Paper No. 3
Presentation Time: 1:30 PM-5:30 PM
STRUCTURE AND STRATIGRAPHY OF THE NORTHERN LHASA TERRANE, TIBET
The northern Lhasa terrane of Tibet exposes primarily upper Paleozoic and Cretaceous sedimentary rock units. The upper Paleozoic strata consist of Carboniferous diamictite, quartzite, mudstone and shale, and Permian shale, mudstone and recrystallized limestone. The Cretaceous strata unconformably overlie the Paleozoic units and are ~4-km-thick.
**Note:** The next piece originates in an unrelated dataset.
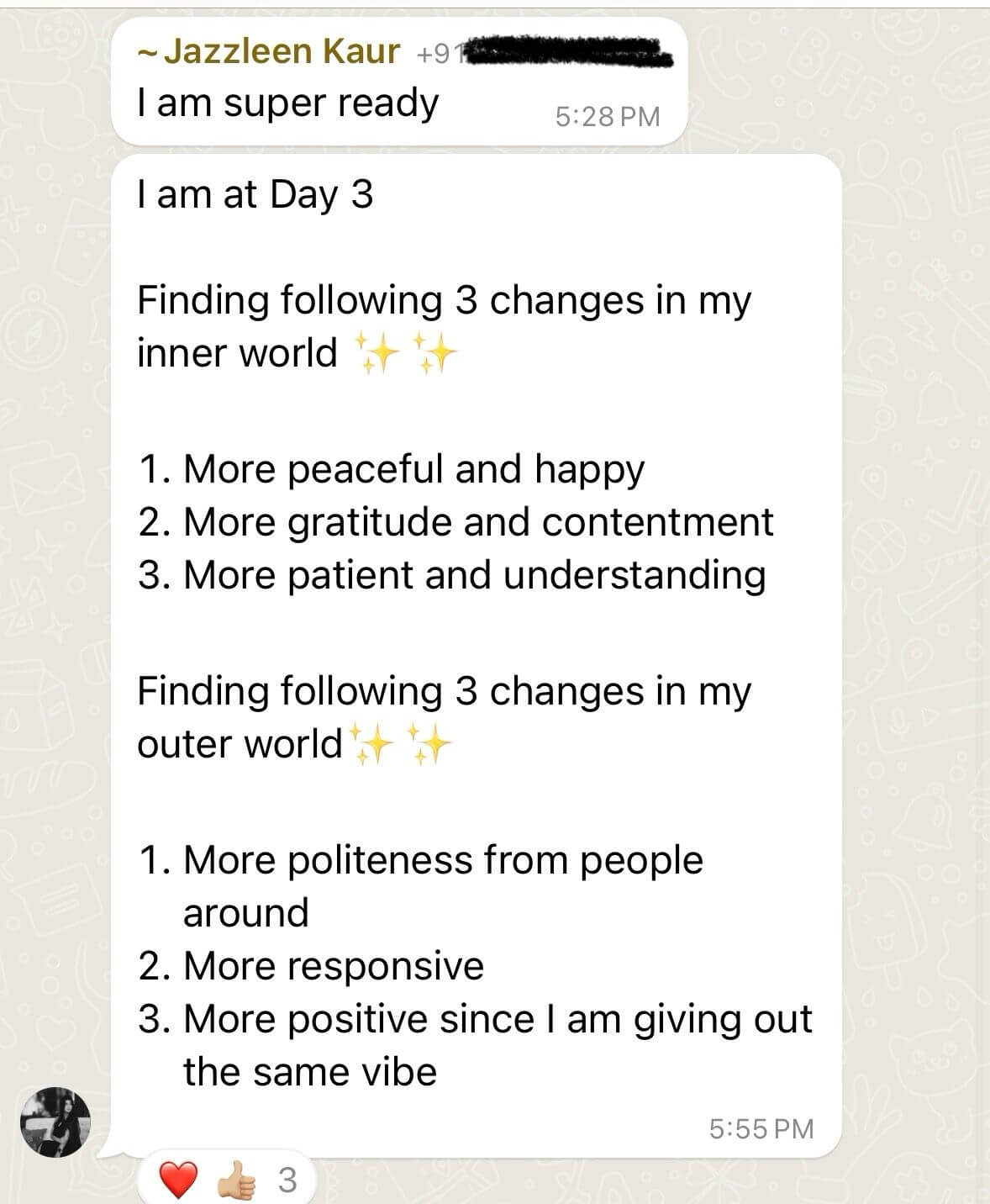 WhatsAppImage20240424at10_g4nzc_1178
The lowest Cretaceous unit consists of volcanic rocks, which yielded U-Pb zircon ages of 131 ± 8 Ma, and overlying quartz- and volcaniclastic- rich sandstone and conglomerate of ~2 km thickness. Above this is a ~1-km-thick Aptian-Albian shallow marine limestone which shoals upward into primarily lacustrine marls and mudstone. E-W striking thrust relationships between these rock units are well exposed in cross sectional view along a N-S trending horst block, the result of late Cenozoic E-W extension in Tibet. The footwall of this horst consists of mostly Paleozoic strata repeated by north-directed thrust faults whereas the hanging wall of the horst consists of Cretaceous strata involved in mainly south-directed thrusting. A low-angle fault contact is locally exposed, placing younger Cretaceous strata over older Paleozoic strata. These relationships and the observation that the thrust faults disrupting the Cretaceous strata appear to merge into the low-angle fault suggest that the low-angle fault is a passive roof thrust separating two distinct structural levels of the thrust belt. The significance of these early findings are: (1) in contrast to previous suggestions, the northern Lhasa terrane was above sea level during much of Cretaceous time, and (2) interpretation of the dominant vergence and degree of lower crustal involvement in the thrust system is complicated by a zone of decoupling that exists between the uppermost and lower levels of the thrust system.